Public School Legitimacy Crisis

While earlier in this book I expressed caution in reiterating the much-used notion of “crisis” when it comes to education because it too often casts all schools as failures and sets up a panic mode that prompts hasty education reform, it is worthwhile to consider various types of crises that our schools may be facing. I direct us here to a form that is rarely discussed and yet is at the heart of the role of schooling in democracy: a crisis of legitimacy. Distinguished political sociologist Seymour Lipset explains: “A crisis of legitimacy is a crisis of change, and therefore its roots, as a factor affecting the stability of democratic systems, must be sought in the character of change in modern society"14 In situations of such change, legitimacy must be reestablished, for if it is not, or if key institutions of democracy are found to be neither legitimate nor effective in the midst of the reflection and critique that is often prompted by change, then democracy will falter.

Significant changes are impacting education, and without conscious citizen recognition of those changes, understanding of their implications for democracy, and willing legitimation of new school formations, we risk the stability of democracy, for the public institution of schools may fall out of line with citizen understandings and expectations. New forms of schooling may thereby generate a cycle of crises.
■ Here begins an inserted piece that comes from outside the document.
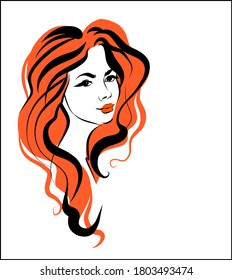 VECTOR Background with a portrait of the beautiful young woman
As Lipset explains, “After a new social structure is established, if the new system is unable to sustain the expectations of the major groups (on the grounds of ‘effectiveness’) for a long enough period to develop legitimacy upon the new basis, a new crisis may develop"15 Hence, if the new forms of public schools popping up across our country do not succeed in achieving legitimacy, then another crisis may follow.

In the midst of significant education reform and accompanying citizens’ appraisal it has prompted, schools may be coming up short on some criteria for establishing legitimacy. For example, equal opportunity, as one common political norm of liberal democracy, is quite limited given the disparities that exist in school resources and performance across geographical areas, incomes, and races. Citizens may find it hard to support schools that do not meet this important goal. In a second example, we see that another common value of liberal democracy, pluralism, is also limited in public voucher-funded religious schools that uphold one narrow view of the good life. As the number of students in such schools continues to grow, citizens must determine whether public schooling and its new practices, such as vouchers, are really legitimate given the potential restrictions they pose on pluralism.

Moreover, the current problem with legitimacy may be in part, according to Strike, that citizens are holding schools to subjective criteria for legitimacy that vary too widely or differ too much from the primary criterion of fulfilling purposes that serve our well-being and uphold liberal democracy. Those subjective criteria may not be sufficiently based in the public good or the norms of liberal democracy, but rather may be more tied to the desires of individuals and their personal goals related to schools, or to the goals of other institutions like industry, which mainly see schools as producers of their future workforce. Indeed, some of these individualistic and economically driven criteria were chronicled in chapter two, where I described some middle- and upper- class parents whose primary goal of schooling for their children is pursuit of advanced certifications and prestige, earning admission to renowned universities, and, ultimately, high-paying jobs. At the same time, some lower- and middle-class parents uphold individualistic goals of attaining credentials for better-paying jobs, not for prestige, but for survival in the face of structural limitations.16 And across the economic spectrum, children who fall into the average range of academic performance may lose out on time and attention from teachers who are compelled to provide extra assistance to some of the populations most in need, including English Language Learners and students with disabilities—which may perhaps be a misattribution of resources at times. As a result, even though their parents may recognize the need for schools to be focused on the larger population, thereby precluding extended personalized attention, they may feel that schools aren’t sufficiently meeting the needs of their individual children in particular moments and choose to withdraw them from public schools.17 While it is understandable that parents would want the best for their child, their rationale for doing so, then, does not result from the Kenneth Strike’s criteria I outlined earlier. Their decision to withdraw their children from public school does not tell us that the public schools are out of line with democratic expectations of them, but rather that they haven’t lived up to the personal goals of some of their parents and children.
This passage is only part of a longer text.